Exercise objective.
Omit all pictures, then retype exactly the lines from the one that contains "Banana milkshake +" through the end of the listing.
*** Opening of Information shown ***
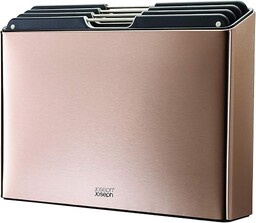 Joseph Joseph Folio 4-częściowy zestaw kolorowych desek do krojenia, z etui ze stali nierdzewnej do zorganizowanego przechowywania w kuchni - duży, Czarny/Różowe złoto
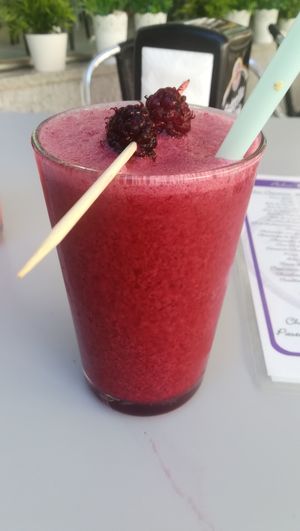 Banana milkshake + raspberry at Sweet Home in Lagos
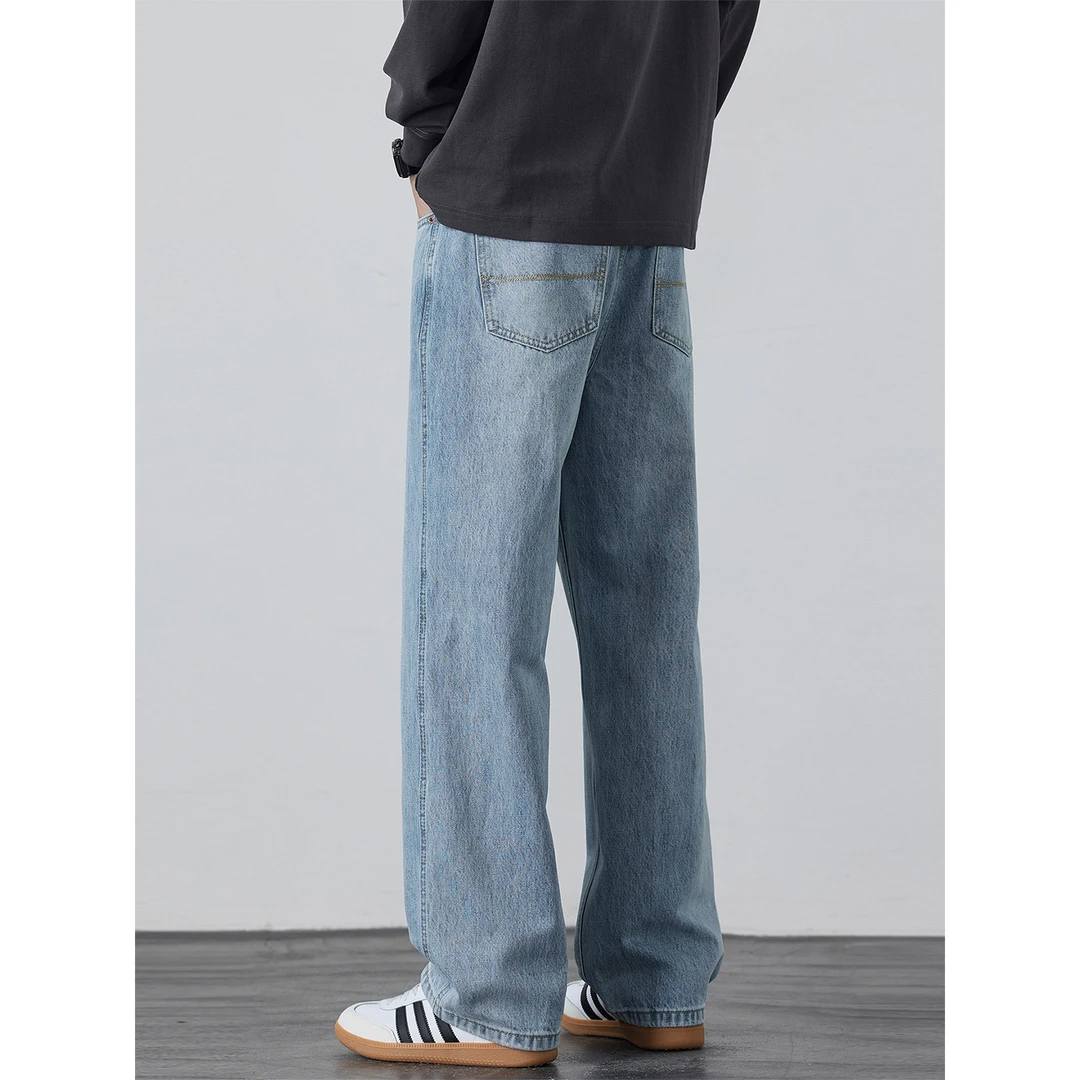 Kuvine2025秋季高街潮牌cleanfit垂感宽松直筒百搭休闲牛仔裤男款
*** Close of Information shown ***
Answer below.
 Banana milkshake + raspberry at Sweet Home in Lagos
 Kuvine2025秋季高街潮牌cleanfit垂感宽松直筒百搭休闲牛仔裤男款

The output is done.